After World War II significant efforts were made to ensure prosperity for all Americans. These efforts dramatically reduced poverty rates and helped to build the strong middle-class that America has become famous for. However, as the graph below shows, significant changes began with the Reagan presidency.

Between 1965 and 2001 the number of multi-worker households has increased dramatically. In fact the slight increase in income that is shown for the 1st through 4th quintiles in the graph titled Average Household Income by Quintile (a quintile represents 1/5th of the population) is primarily attributed to an increase in the number of households with two or more workers supporting the household. Individual male income for the 1st through 4th quintiles has actually gone down or stayed the same since the 1980s when adjusted for inflation.

In 1965 27% of the full time workforce was female, by 2001 that number had risen to 41%. What has allowed the average American household to continue to maintain a good standard of living is an increase in multi-worker households and a decrease in the number of children that families have, as well as a large increase in the trade deficit, with increasing numbers of American goods being made in third world countries.

The issue is that the economic policies of the Reagan administration were designed to primarily benefit wealthy Americans. At the time a lot of smoke and mirrors were used to convince average Americans that these policies would help them as well. A similar set of lies has been used by those, like Steve Forbes, who promote a flat tax system.

What the "Trickle-Down"/Supply Side policies of the Reagan administration were designed to do was to increase the amount of money available to wealthy Americans for investing and developing businesses. This was intended to create an increase in production of products and services and hence and increase in new jobs. The reason that the policy is called Supply Side, is because the supply of goods increases before there is a demand for goods. So, in that case, the supply of goods is intended to then spark demand, resulting in economic growth.

This use of Supply Side policy led to a huge increase in consumerism and the use of credit. An environment of consumerism was created in American society through the media via advertisements, movies, and television shows, etc. that promoted consumerism. Consumers though, did not have the money to fulfill the desires created by society so debt was used to participate in the economy. Restrictions on credit were loosened under the Reagan administration making it easier for individuals to gain credit lines because the use of credit was essential to growing the economy because real wages were not going up for the average American, yet it was essential that the average American increase spending in order to fuel the economy. This situation fueled female entry into the workforce as more households require two workers to maintain their standard of living.

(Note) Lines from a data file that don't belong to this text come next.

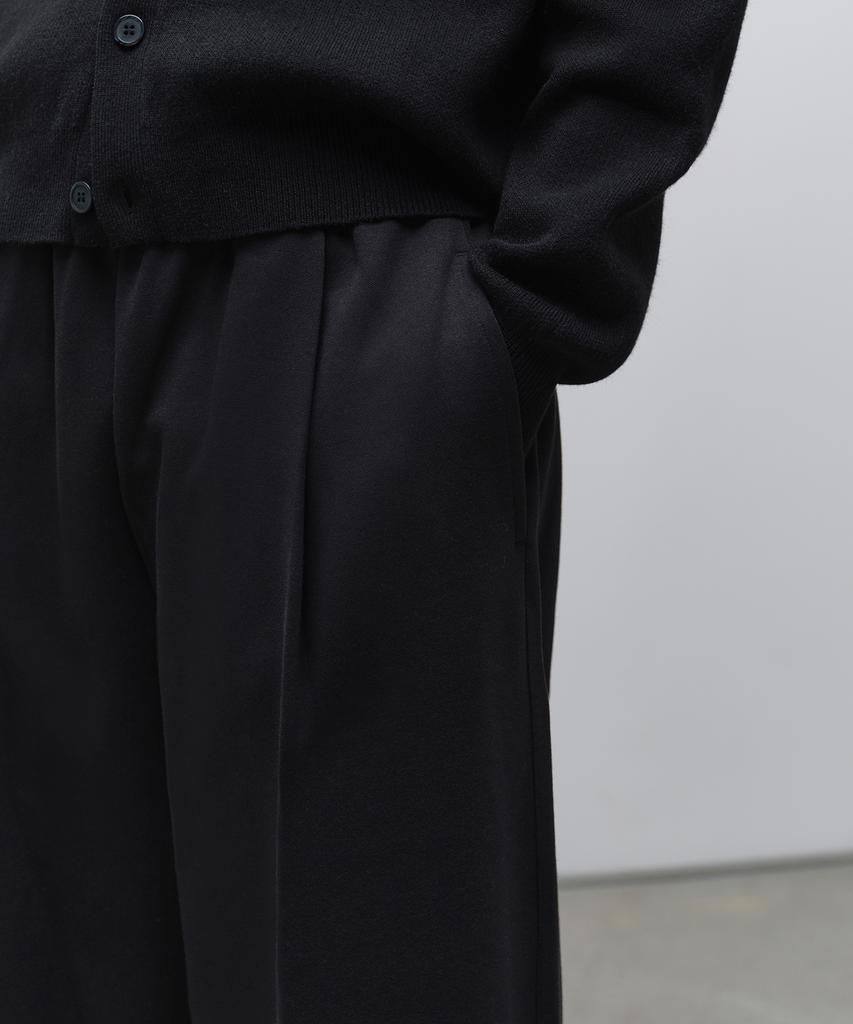 MUSINSA STANDARD Double Knit One-Tuck Wide Lounge Sweatpants [Black]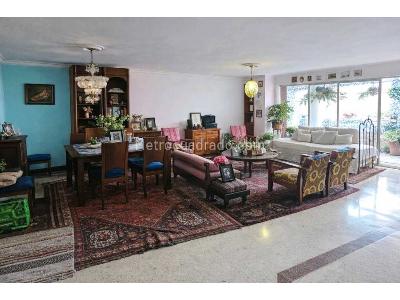 Apartamento de 4 alcobas en venta en Laureles, Medellín, 190 m² · foto 4 de 17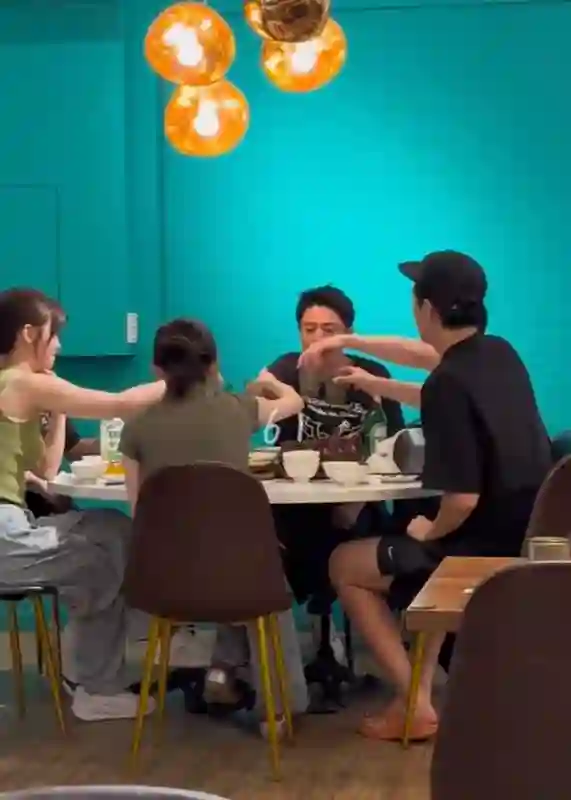 霍建华私下聚会被偶遇，四男二女喝到微醉，全程没看到老婆林心如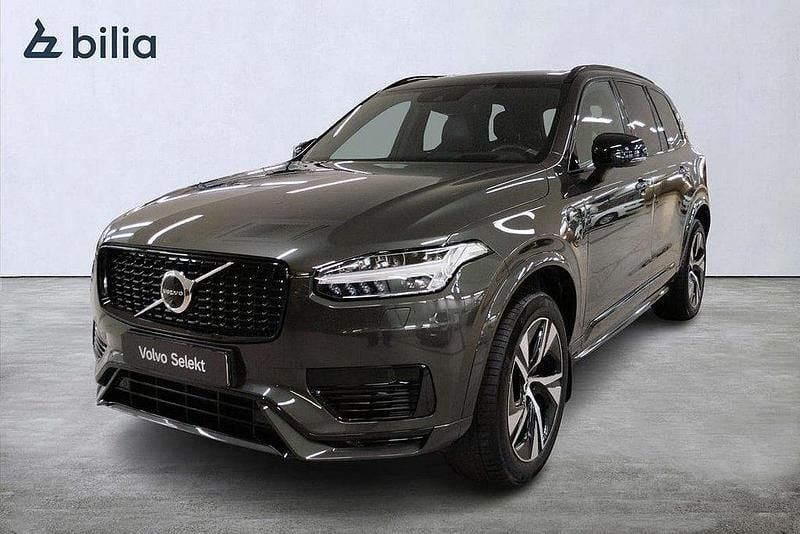 Mörkgrå Begagnad 2022 Volvo XC90 R-Design SUV | 679 000 kr (Marknadspris) - Bild 1/3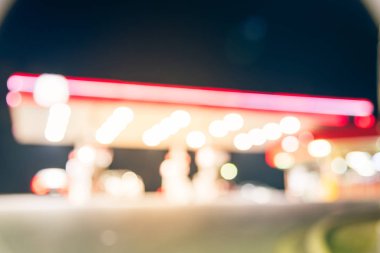 Vintage geceleri yakıt ikmali araba ile benzin istasyonu görüntü bulanık. , Odak benzin istasyonu ve alacakaranlık markette defocused. Benzin istasyonu arka plan kopya alanı ile bulanıklık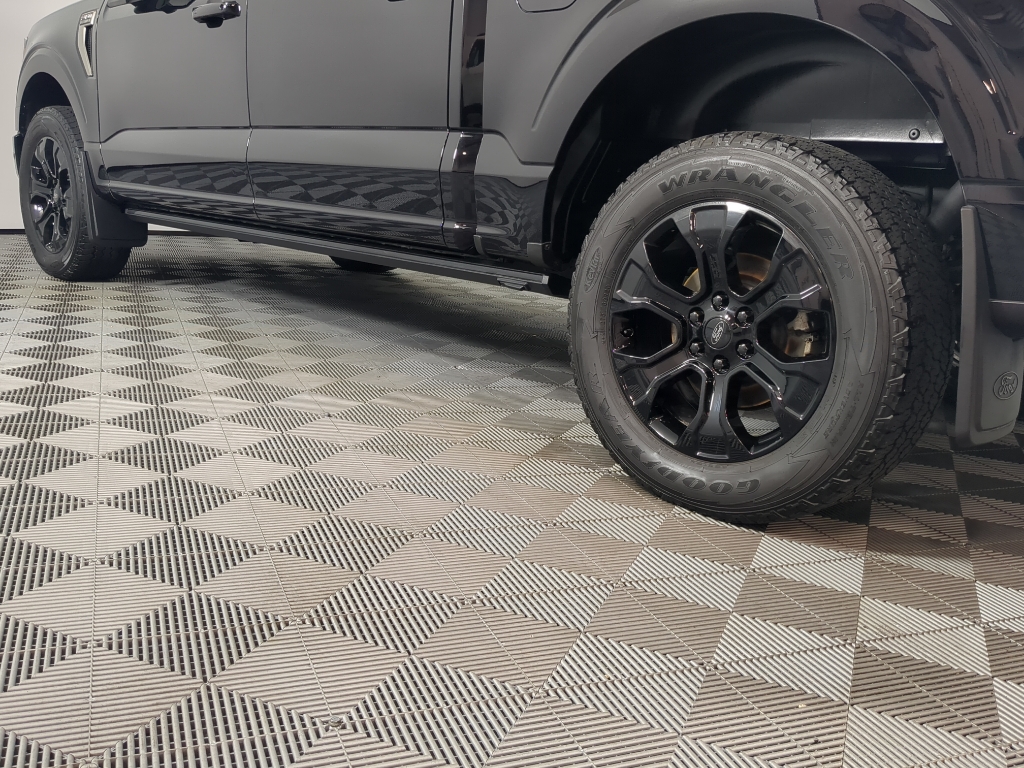 2022 Ford F-150 Platinum photo 4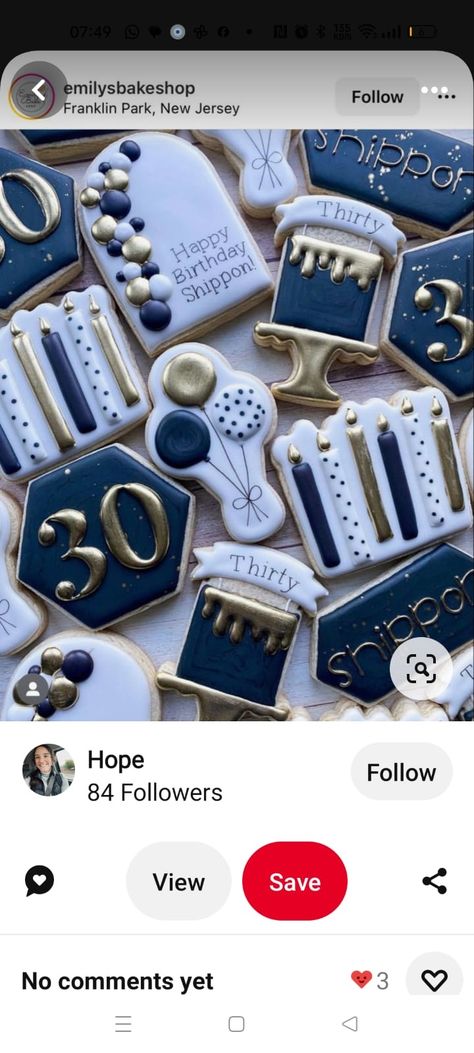 Birthday Decor For Him, 29th Birthday Cakes, Birthday Biscuits, Mini Christmas Cakes, Boy 16th Birthday, Gold Cookies, Balloon Cookies, Happy Birthday Cookie, 75th Birthday Parties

The result of this is that American household debt has been constantly hitting new highs since the 1980s as can be seen in the graph below provided by Michael Hodges.


http://mwhodges. home. att. net/nat-debt/debt-nat-a.htm

The truth is that "Trickle-Down" was never intended to help middle income and poor Americans; it was intended to help the wealthy and Corporate America.

The economic policies of the Reagan era increased the trade deficit and provided easier ways for companies to "hide" money.

1980 the top 1% of tax filers received 8. 45% of American AGI (Adjusted Gross Income) and in 2000 that figure had risen to 20. 81% of the national AGI. Today the over 50% of the national income goes to the wealthiest 20% of Americans. This is the first time since 1935 that such a large portion of the national income has gone to such a small portion of the population. In 1967 the wealthiest 20% only accounted for 43% of the nation's income. The trend began in 1982. Between 1967 and 1982 middle-income households were gaining a larger share of the economy. What this means is that between 1982 and 2001 the bottom 80% of Americans have lost share in the nation's economy. This was the inevitable result of Reaganomics. It was an intended result. Political control and economic control go hand in hand. If the control of the economy is not in the hands of the majority of Americans then neither is political control.